Мы прошли еще через десяток залов, изредка останавливаясь перед теми или другими произведениями, однако мой Цицерон больше их не комментировал, а я не задавал ему вопросов. Через пару часов мы решили двинуться дальше.
8
Из Центра Культуры мы переехали в Центр Нравственности — огромный особняк, в назидание детям и взрослым наполненный документами и произведениями искусств, дающими примеры высоких порывов и героических свершений, так же, как и безобразных и циничных преступлений, позорящих род человеческий. Мы с Пал Палычем оказались в зале, где с одной стороны были развешаны офорты, изображающие моменты триумфа человеческого духа над косностью, а с другой — ужасы и уродства войн, предательств, пыток и преследований, не в меньшей степени присущих обитателям Нижнего мира. На фоне этих красноречивых экспонатов мой Цицерон продолжил свою содержательную лекцию:
— Так же как и сфера культуры, область нравственности в Нижнем мире переживает тяжелый паралич. На протяжении последних веков атрофия нравственных принципов постепенно распространилась на все наше общество, и амнезия достигла такой глубины, что никто уже не помнит, что чувствовали и как вели себя люди во времена рыцарской или даже дворянской культуры. Никто не сокрушается по поводу утраты понятий совести, чести и достоинства. Нужно признаться, что и во времена Сократа и Платона не было ясности по поводу того, что означает «благородство» или «справедливость». Ведь то, что благородно и справедливо в одном случае, может быть несправедливо в другом. Так, например, во времена общественных смут, что благородно и справедливо — поддерживать бунт или существующий порядок? Справедливы старые или новые законы?
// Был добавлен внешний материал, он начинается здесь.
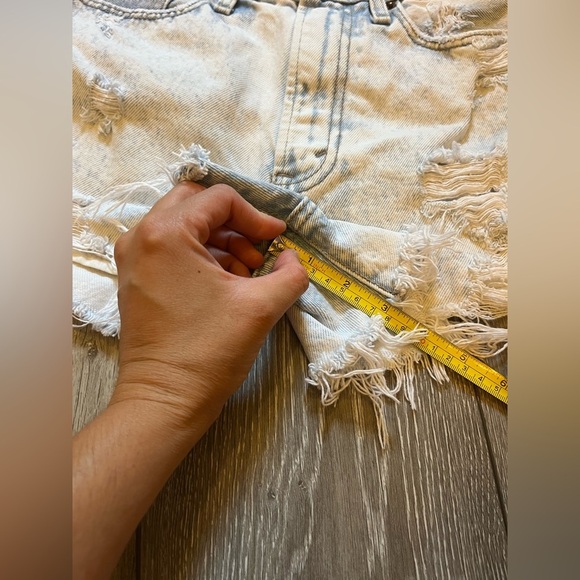 Abercrombie & Fitch Annie High Rise Distressed Acid Washed Shorts Size 26 / 2 - Picture 6 of 8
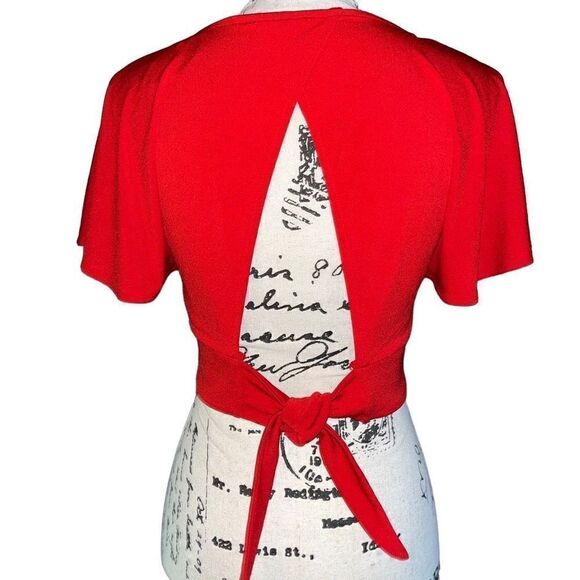 Divided red faux wrap crop top small - Picture 3 of 5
Справедлива ли система неравенства во всем многообразии форм, и, если нет, то в чем люди равны, а в чем отличаются один от другого? И все-таки еще совсем недавно вопросы совести у большинства людей не вызывали сомнений, ибо люди в большинстве своем жили гомогенными группами и разделяли одну и ту же веру. Сегодня веры и полуверы перемешаны, и отдельно взятый человек несет в себе рудименты нескольких деградировавших традиций, так же как и осколки современных моральных систем. Как и в области искусства, здесь нет общего принципа. Никто не может ответить на вопрос, является ли таким принципом высшее благо, общее благо или какой-либо из видов частного блага, а о слиянии всех трех благ в одном нравственном акте мы не можем даже мечтать.